# M II May 2016

Q.5 a) Show that the plane ${2x-2y+ z+12=0}$ touches the sphere ${x^2+y^2+z^2-2x-4y+2z-3=0}$. Also find the point of contact.

Solution : The sphere has center at the point ${(1,2,-1)}$ and its radius is equal to

${\sqrt {(1)^2 + (2)^2 + (-1)^2 - (-3)} = \sqrt {1+4+1+3} = \sqrt {9} = 3 \ units}$

Length of perpendicular from the center to the plane will be

${\begin {vmatrix} \frac {2(1) -2 (2)+ 1(-1) =12}{\sqrt {2^2 + (-2)^2 + 1(1)^2}} \end {vmatrix} = \begin {vmatrix} \frac {2-4-1+12}{\sqrt {9}} \end {vmatrix} = \frac {9}{3} = 3 \ units}$

Thus the length of perpendicular from the center to the plane is equal to the radius of sphere.
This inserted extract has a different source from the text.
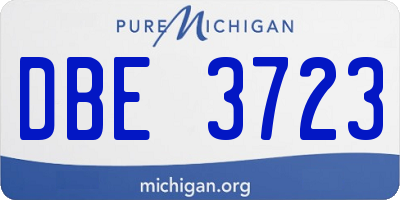 MI license plate DBE3723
This proves that the plane touches the sphere.

The equation of line through the center and normal to the plane is given by

${\frac {x-1}{2} = \frac {y-2}{-2} = \frac {z+1}{1} = \lambda}$

Hence,

${x = 2 \lambda + 1, \ y= -2 \lambda +2, \ z= \lambda-1}$

If this point lies on the plane, its coordinates must satisfy the equation of the plane. Therefore,

${2(2 \lambda+1)-2 (-2 \lambda+2) + 1 (\lambda-1)+12 =0}$

Therefore,

${4 \lambda +2+4 \lambda -4+ \lambda -1+12=0, \ i.e. \ 9 \lambda+9 =0, \ i.e. \ \lambda =-1}$

Substituting ${\lambda}$ in the coordinates, we get the point of contact as

${(x,y,z) = \big ( 2(-1)+1, \ -2(-1)+2 , \ (-1)-1 \big ) = \big (-1,4,-2 \big )}$

Q.5 b) Find the equation of right circular cone passing through ${(2,-2,1)}$ with vertex at origin and axis parallel to the line

${\frac {x-2}{5} = \frac {y-1}{1} = \frac {z+2}{1}}$

Solution : Let the vertex ${(0,0,0)}$ be denoted by ${V}$ and the point ${(2,-2,1)}$ by ${A}$. So,

${\vec {VA} = 2 \hat i - 2 \hat j + \hat k}$

Since parallel lines have same direction ratios, the axis of the cone will also have direction ratios ${5,1,1}$. Let ${\vec d}$ be the vector along the axis, then

${\vec d = 5 \hat i + \hat j + \hat k}$

Let ${\alpha}$ be the semi-vertical angle of cone. By the definition of dot product of vectors,

${\vec {VA} \cdot \vec {d} = |\vec {VA}| |\vec d| cos (\alpha)}$

This gives

${(2 \hat i - 2 \hat j + \hat k) \cdot (5 \hat i + \hat j + \hat k) = \sqrt {2^2 + (-2)^2 + (1)^2} \sqrt {(5)^2 +(1)^2 + (1)^2} \ cos (\alpha)}$

${10-2+1 = \sqrt {9} \sqrt {27} cos (\alpha)}$

${cos (\alpha) = \frac {10-2+1}{ \sqrt {9} \sqrt {27}} = \frac {9}{3 \times 3 \sqrt 3} = \frac {1}{\sqrt {3}}}$

Having obtained ${cos (\alpha)}$, we can go for the equation of right circular cone. Note that knowing ${cosine}$ of the semi-vertical angle is sufficient.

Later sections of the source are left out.